[Work to complete]
Without adding or dropping anything, copy the entries below.

[Source records]
*** Begin section ***

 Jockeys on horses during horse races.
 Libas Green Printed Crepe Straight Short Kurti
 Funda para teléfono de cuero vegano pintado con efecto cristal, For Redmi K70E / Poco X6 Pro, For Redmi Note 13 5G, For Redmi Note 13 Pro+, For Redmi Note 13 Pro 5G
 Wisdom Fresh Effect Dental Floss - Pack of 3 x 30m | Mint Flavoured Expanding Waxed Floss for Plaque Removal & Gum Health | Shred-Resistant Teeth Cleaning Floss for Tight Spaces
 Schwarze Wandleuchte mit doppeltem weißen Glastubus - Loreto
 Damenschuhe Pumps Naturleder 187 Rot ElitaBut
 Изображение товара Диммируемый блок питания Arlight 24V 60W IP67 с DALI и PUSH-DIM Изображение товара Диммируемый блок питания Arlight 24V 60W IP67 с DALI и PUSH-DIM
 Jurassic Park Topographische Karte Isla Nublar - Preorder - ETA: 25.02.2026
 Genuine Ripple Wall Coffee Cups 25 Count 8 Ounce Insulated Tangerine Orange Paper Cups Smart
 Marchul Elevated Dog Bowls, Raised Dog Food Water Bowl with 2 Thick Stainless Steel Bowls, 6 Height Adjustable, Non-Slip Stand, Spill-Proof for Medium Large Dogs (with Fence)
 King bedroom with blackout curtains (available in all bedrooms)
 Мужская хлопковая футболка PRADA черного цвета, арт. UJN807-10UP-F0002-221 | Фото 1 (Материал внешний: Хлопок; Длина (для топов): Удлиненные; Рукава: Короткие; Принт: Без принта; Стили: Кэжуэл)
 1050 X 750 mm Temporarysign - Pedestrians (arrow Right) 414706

*** End section ***

[Problem solution]
 Jockeys on horses during horse races.
 Libas Green Printed Crepe Straight Short Kurti
 Funda para teléfono de cuero vegano pintado con efecto cristal, For Redmi K70E / Poco X6 Pro, For Redmi Note 13 5G, For Redmi Note 13 Pro+, For Redmi Note 13 Pro 5G
 Wisdom Fresh Effect Dental Floss - Pack of 3 x 30m | Mint Flavoured Expanding Waxed Floss for Plaque Removal & Gum Health | Shred-Resistant Teeth Cleaning Floss for Tight Spaces
 Schwarze Wandleuchte mit doppeltem weißen Glastubus - Loreto
 Damenschuhe Pumps Naturleder 187 Rot ElitaBut
 Изображение товара Диммируемый блок питания Arlight 24V 60W IP67 с DALI и PUSH-DIM Изображение товара Диммируемый блок питания Arlight 24V 60W IP67 с DALI и PUSH-DIM
 Jurassic Park Topographische Karte Isla Nublar - Preorder - ETA: 25.02.2026
 Genuine Ripple Wall Coffee Cups 25 Count 8 Ounce Insulated Tangerine Orange Paper Cups Smart
 Marchul Elevated Dog Bowls, Raised Dog Food Water Bowl with 2 Thick Stainless Steel Bowls, 6 Height Adjustable, Non-Slip Stand, Spill-Proof for Medium Large Dogs (with Fence)
 King bedroom with blackout curtains (available in all bedrooms)
 Мужская хлопковая футболка PRADA черного цвета, арт. UJN807-10UP-F0002-221 | Фото 1 (Материал внешний: Хлопок; Длина (для топов): Удлиненные; Рукава: Короткие; Принт: Без принта; Стили: Кэжуэл)
 1050 X 750 mm Temporarysign - Pedestrians (arrow Right) 414706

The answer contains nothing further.